Start of Block

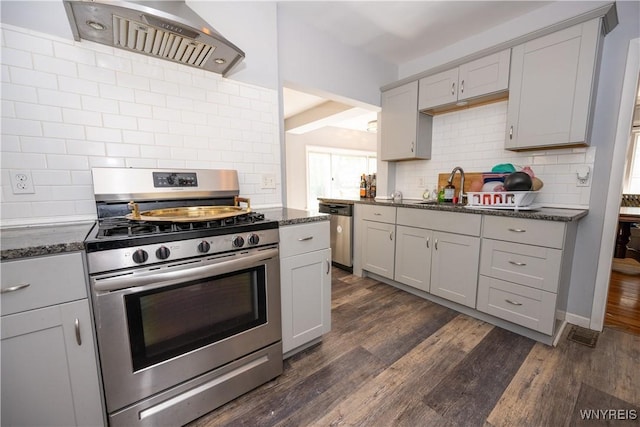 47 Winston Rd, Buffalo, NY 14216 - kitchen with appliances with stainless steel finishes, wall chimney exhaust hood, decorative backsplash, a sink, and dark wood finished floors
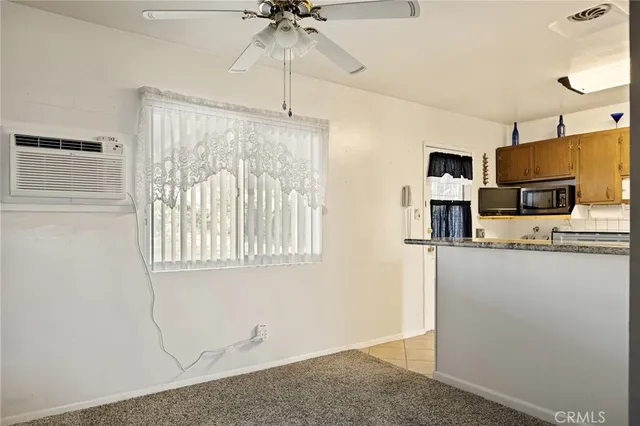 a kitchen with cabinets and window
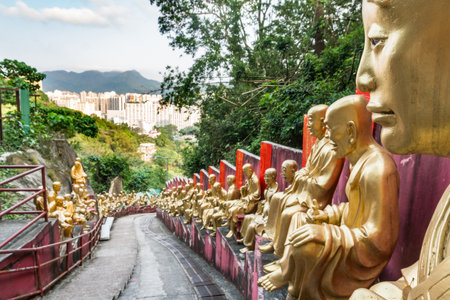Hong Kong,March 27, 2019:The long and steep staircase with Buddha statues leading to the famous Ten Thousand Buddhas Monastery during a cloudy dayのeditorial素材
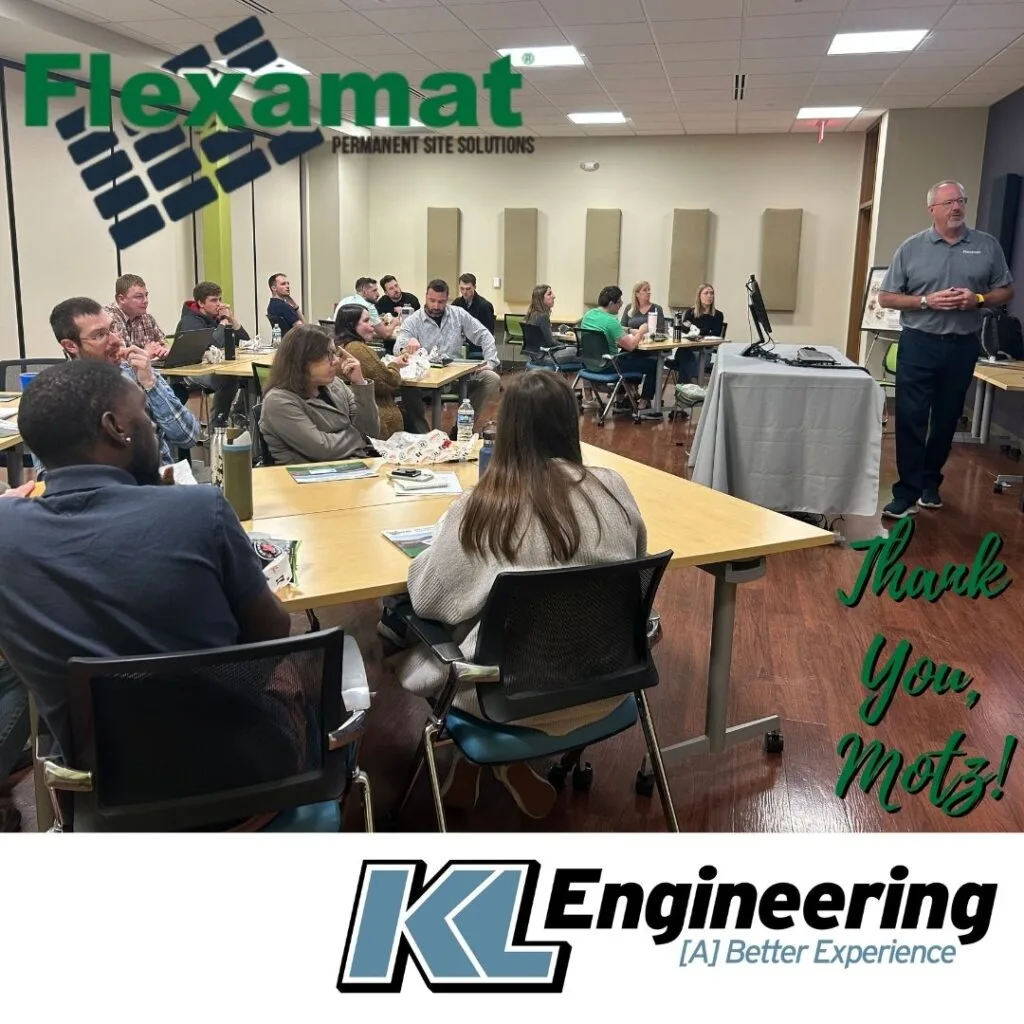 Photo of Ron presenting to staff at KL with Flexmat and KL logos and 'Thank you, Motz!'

End of Block

▶ _Task to complete_
All that should be printed is the lines from the one containing "Hong Kong,March 27, 2019:The" through the last line of the material above, both ends included, exactly as they stand; please skip the pictures.

▶ _Task solution_
Hong Kong,March 27, 2019:The long and steep staircase with Buddha statues leading to the famous Ten Thousand Buddhas Monastery during a cloudy dayのeditorial素材
 Photo of Ron presenting to staff at KL with Flexmat and KL logos and 'Thank you, Motz!'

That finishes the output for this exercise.